> _ENTRIES SHOWN_:

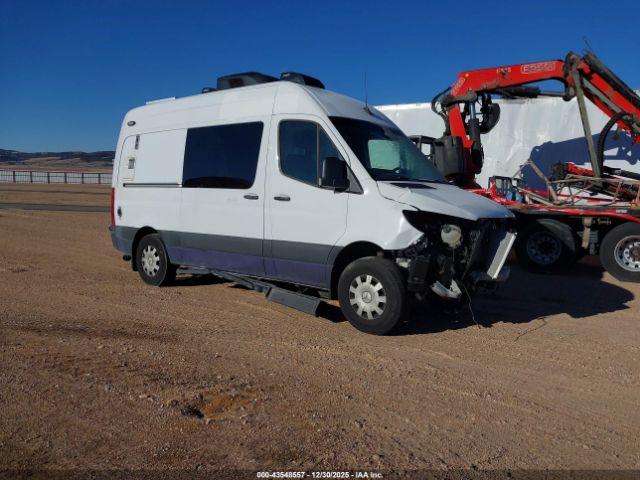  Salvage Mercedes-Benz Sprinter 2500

==

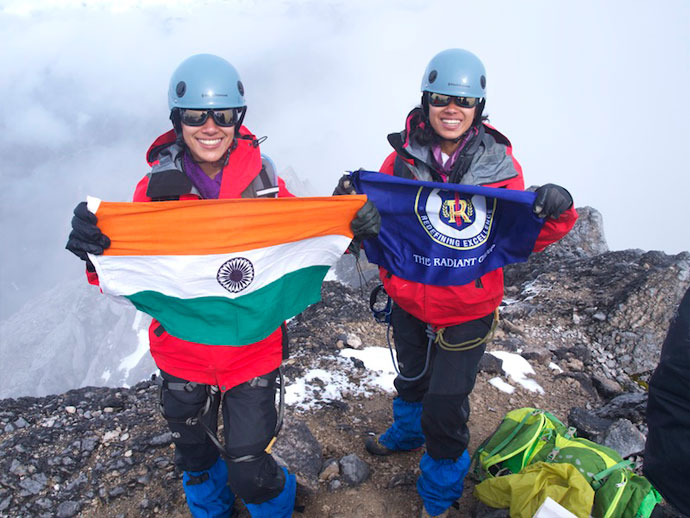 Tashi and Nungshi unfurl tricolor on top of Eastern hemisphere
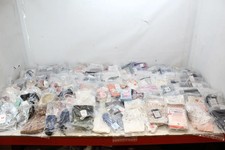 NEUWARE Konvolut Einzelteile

* * *

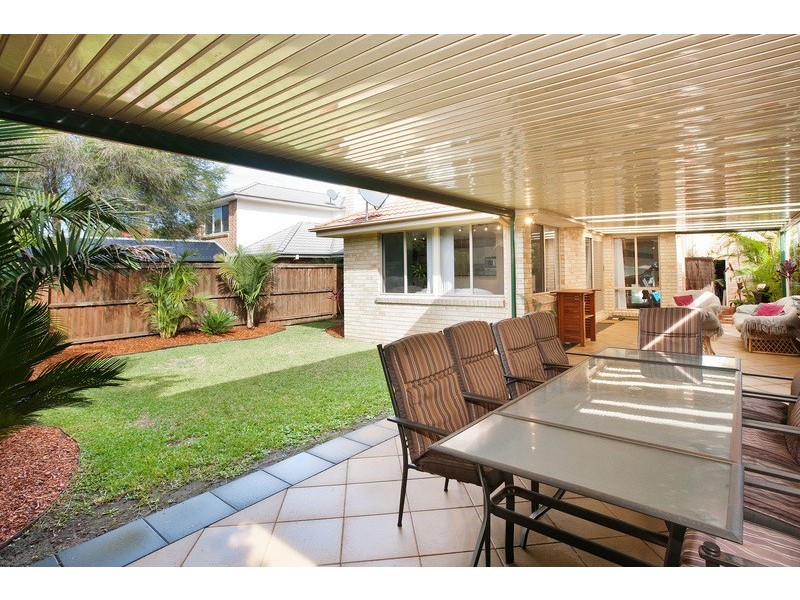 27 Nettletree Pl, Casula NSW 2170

> _TASK DESCRIPTION_: Find the line with "Tashi and Nungshi" in the data above, and from there retype each line exactly through the line with "NEUWARE Konvolut Einzelteile", skipping the pictures along the way.

> _REPLY_:
 Tashi and Nungshi unfurl tricolor on top of Eastern hemisphere
 NEUWARE Konvolut Einzelteile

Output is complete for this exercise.